Precisamente es en este aspecto donde se encuentra el mayor mérito de la obra de Rosario, atacada e insultada por el crítico. Hay que destacar que en el teatro de Rosario hay siempre una preocupación especial por la situación de la mujer que se evidencia en el protagonismo que adquiere el personaje femenino en su producción, hecho clave que demuestra una reivindicación de la responsabilidad de la mujer en ese camino hacia el progreso. La idea krausista de la «elevación y dignificación de la mujer» al estado de «compañera» del hombre permanece explícita a lo largo de la obra, ya que siempre prevalece, antes que la designación de «esposa», la de «compañera». El personaje femenino de Rosario, María, pretende, pues, transmitir un ideal y sus indicios son redundantes, como el del personaje masculino. Es esta una respuesta a ese «no sé qué» del crítico para referirse al personaje femenino y, tal vez, «ligera y aturdida» fuera, más que una característica, una sensación que se desprendiera de su significación insólita, que no pretendía corroborar moldes y que el crítico no supo descifrar.

En fin, esta obra teatral de Rosario de Acuña fue el primer intento de aproximar un nuevo modelo de mujer que pretendía renovar y activar su papel en la sociedad. Como diría Rosario de Acuña, en 1884: «¡regenerar la sociedad y afirmar las conquistas de los siglos sin contar con la mujer! ¡Imposible!» (Bolado, 1992: 63). Era una versión en femenino del intento krausista de regeneración social, del progreso de la humanidad, que respondía a la relativización necesaria de las relaciones de poder que no fue contemplada por los intelectuales de su época.

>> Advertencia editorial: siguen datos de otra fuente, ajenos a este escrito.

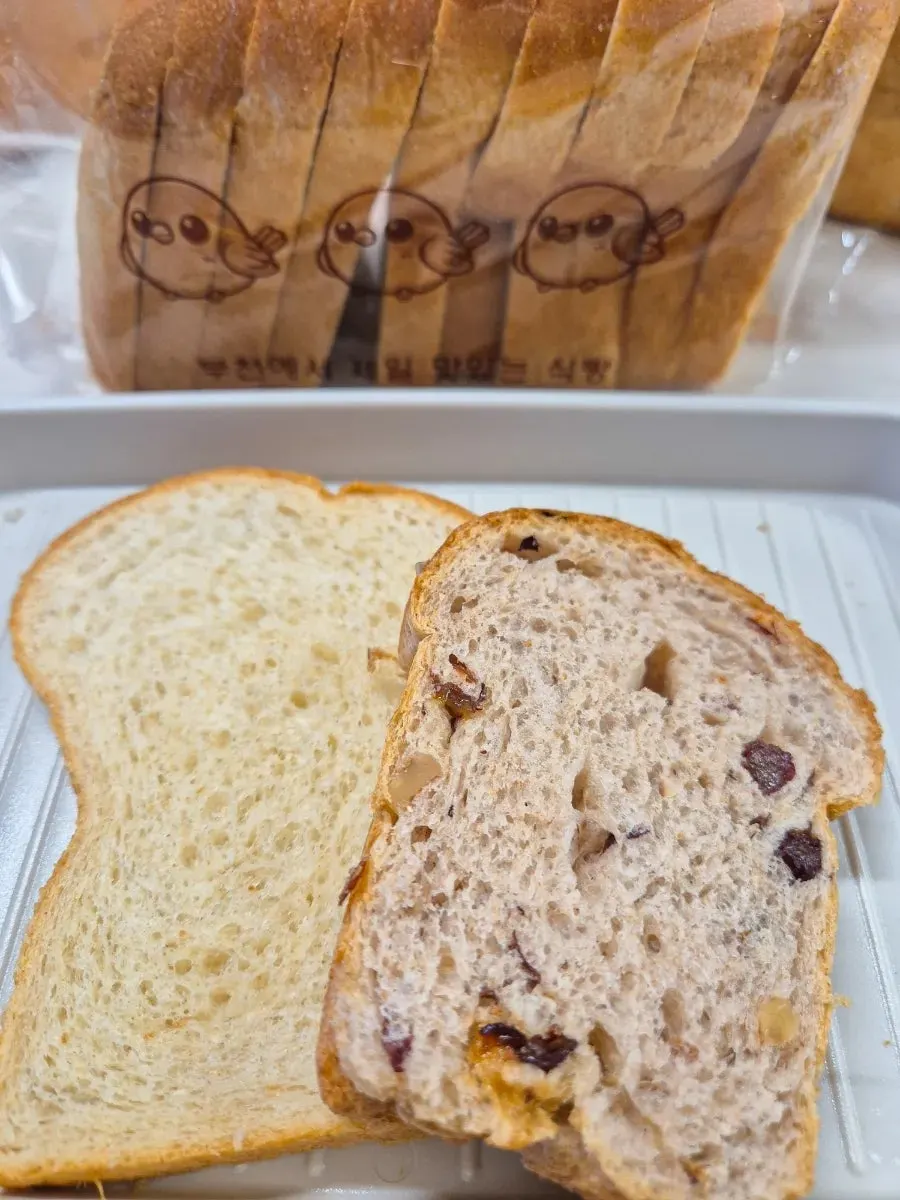 Both barley bread varieties set out on the table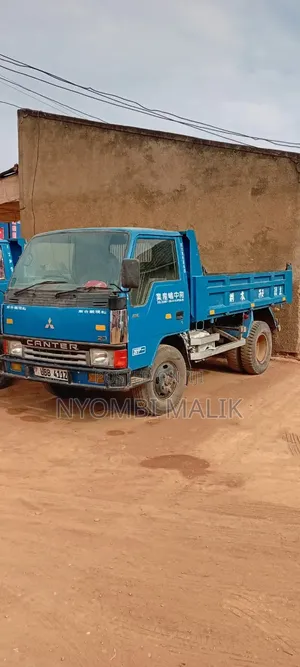 Canter Tipper 32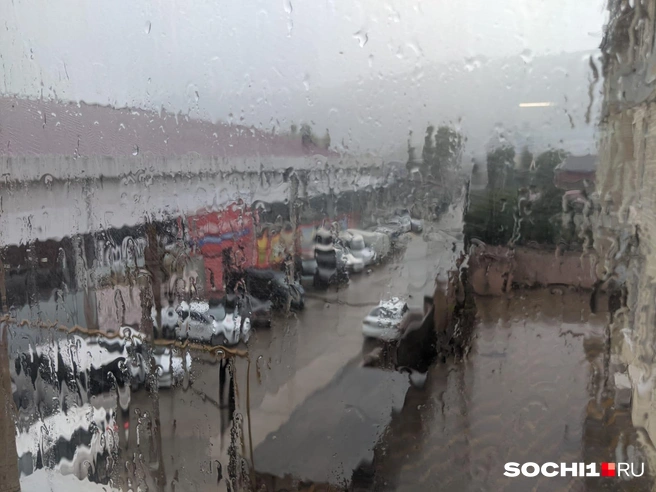 На курорте объявлено штормовое предупреждение. Холодно, но отопление выключили строго по графику еще неделю назад | Источник: Оксана Витязь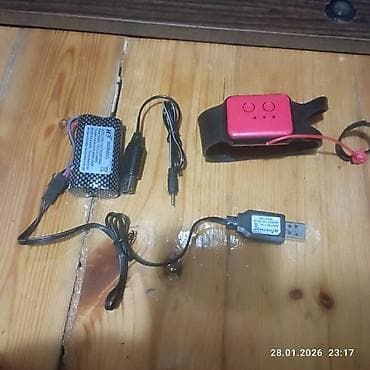 Avtomobil akkumulyatoru sarji ve yuzbi zaryadka gol saatida sarj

De ahí que no se pueda señalar que el krausismo fuera un movimiento emancipador, ni mucho menos. Faltó sin duda una base sólida para fomentar la Ilustración de la mujer, que se relegó a un proceso simplemente educativo gracias a las asociaciones creadas con tales fines, que se forjaron al calor revolucionario de 1868. Sin embargo, fue inevitable que el krausismo pusiera sobre el tapete de la regeneración social el papel que la mujer debía asumir en este proceso. Fue el disparo de salida hacia la concienciación de una colectividad que actuó como respuesta al conflicto de una subjetividad femenina con la realidad social (e intelectual) que, de forma individual y aislada, se había planteado con la generación precedente de escritoras. El debate por la emancipación de la mujer era ya inevitable, como demuestra la gran cantidad de textos que se generaron a partir de La Gloriosa en que no había escritor ni intelectual que no expresar su opinión sobre la condición femenina.






Bibliografía

  • Bolado, José (ed.) (1992), Rosario de Acuña. Artículos y cuentos, Gijón, Ateneo-Obrero.
  • Krause Sanz del Río (2002), Ideal de la humanidad para la vida, Barcelona, Folio.
  • Millet, Catherine, Sexual politics, 1970.
  • Pintor Ramos, Antonio (ed.) (2002), Jean-Jacques Rousseau. Discurso sobre el origen y los fundamentos de la desigualdad entre los hombres y otros escritos, Madrid, Tecnos.
  • Rodríguez de Lecea (ed.) (1990), Francisco Giner de los Ríos. Escritos sobre la universidad española, Madrid, Espasa-Calpe.
  • Scanlon, Geraldine (1986), La polémica feminista en la España contemporánea (1868-1974), Madrid, Akal.
  • Simón Palmer, María del Carmen (ed.) (1990), Rosario de Acuña. Rienzi el Tribuno. El Padre Juan (Teatro), Madrid, Castalia.